Data from Figure 3 shows the decrease and increase of precipitation extreme events and spatial differences in the IMP. This suggests that when planning measures for adapting to the adverse impacts of future precipitation extreme events occurrences; sub-regions should be separately considered.

3.3. Effects Factors of Precipitation Extremes

The IMP is a semi-arid region in China and is most sensitive to climate change, although the strengthened frequency of precipitation extremes can help to alleviate the risk of drought and losses generated by drought disasters. At the same time, these extreme precipitation events can also cause some damage, especially in the IMP, which is a special landform formed by semi-arid climate. A small but high frequency heavy precipitation may be enough to trigger a natural disaster. There is thus a pressing need to better understand the impact of precipitation extremes.

3.3.1. Elevation, Longitude and Latitude

As Table 2 shows, CDD is positively correlated with elevation, whereas the other extreme precipitation indices are negatively correlated with elevation over the IMP during 1959–2014. While correlated with longitude, its relationship with CDD is negative, whereas the other extreme precipitation indices show positive relationships with longitude. Table 2 also shows that trends towards increases for extreme precipitation indices with longitude increasing (except CDD) and statistically significant at the 0.01 level. These results between latitudes were similar to those of the longitude, demonstrating that all wet extreme precipitation indices are raised with the increases in latitude. The increasing trends for some extreme precipitation indices are statistically significant at the 0.01 level.
Compared with the other ten indices, CDD is the only index which can describe dry situations. From the above result, it can be explained in a quantitative way from the geographic location why south-west area of IMP is drought prevalent and the north-east area is relatively wet.

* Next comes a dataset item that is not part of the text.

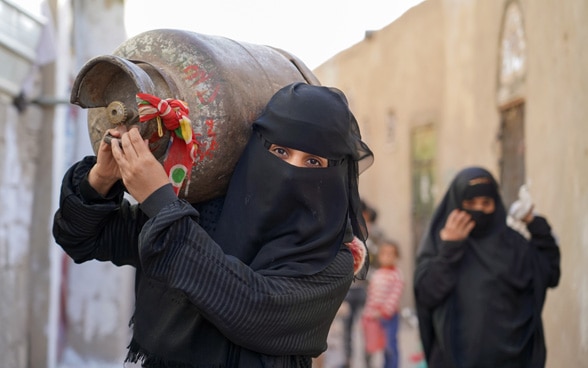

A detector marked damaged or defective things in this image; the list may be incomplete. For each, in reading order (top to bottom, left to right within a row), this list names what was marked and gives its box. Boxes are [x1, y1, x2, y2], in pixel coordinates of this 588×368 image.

rusty cylinder [72, 28, 322, 201]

The south-west area of IMP, with higher elevation [33] and lower latitude and longitude (Figure 1), is the driest place in IMP, while an inverse trend is seen in the north-east part of IMP. Linear regressions between extreme precipitation indices and elevation, longitude, and latitude showed that specific locations determined the precipitation extremes, which in turn indicate that extreme precipitation events have regional variation characteristics.

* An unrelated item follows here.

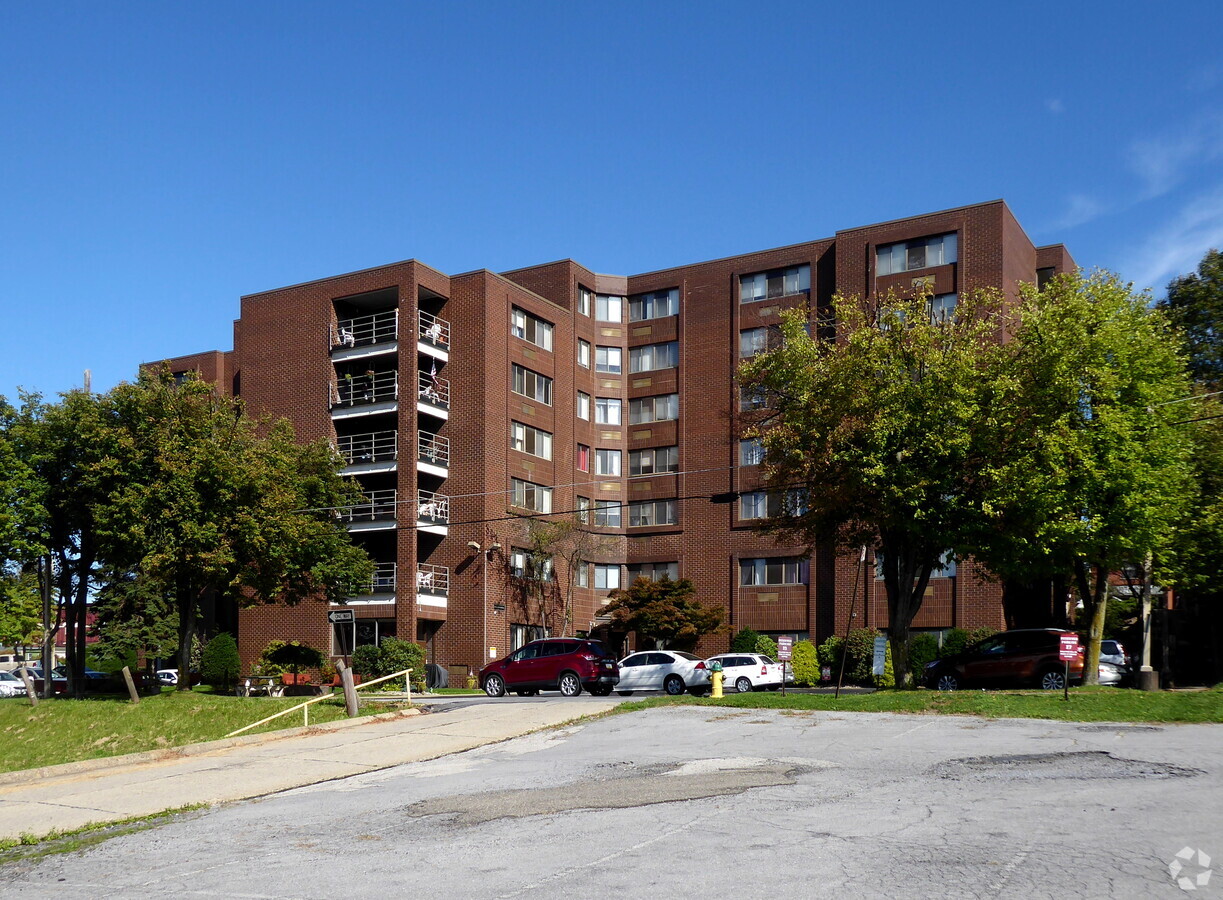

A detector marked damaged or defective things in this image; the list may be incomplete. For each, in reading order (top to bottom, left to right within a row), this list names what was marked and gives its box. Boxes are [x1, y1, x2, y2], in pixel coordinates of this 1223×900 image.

3.3.2. Annual Total Precipitation

To validate whether the extreme precipitation indices used in this study can indicate the change of annual total precipitation or not, the correlation coefficients between annual total precipitation and selected extreme precipitation indices across IMP were acquired (Table 3). Table 3 indicates that the relationships between extreme precipitation indices and annual total precipitation are statistically significant at the level of 0.01. Except CDD, the other ten extreme precipitation indices have positive correlations with annual total precipitation and all coefficients are larger than 0.7. The results agreed with the previous findings [21,34]. That is to say, extreme precipitation indices can better indicate the expected changes of annual total precipitation in the IMP. Thus, to some extent, it can be concluded that precipitation extremes play an important part in total annual precipitation. From statistical analysis, it can be concluded that the dry situation is alleviated in the IMP in a quantitative way, due to the sharply decreased CDD. If this trend persists, IMP could experience moderate wet periods in the coming years; this result is very important for farming operations such as land clearing and preparation, planting, fertilizer application, disease/pest control, spraying of chemicals, and irrigation, among others.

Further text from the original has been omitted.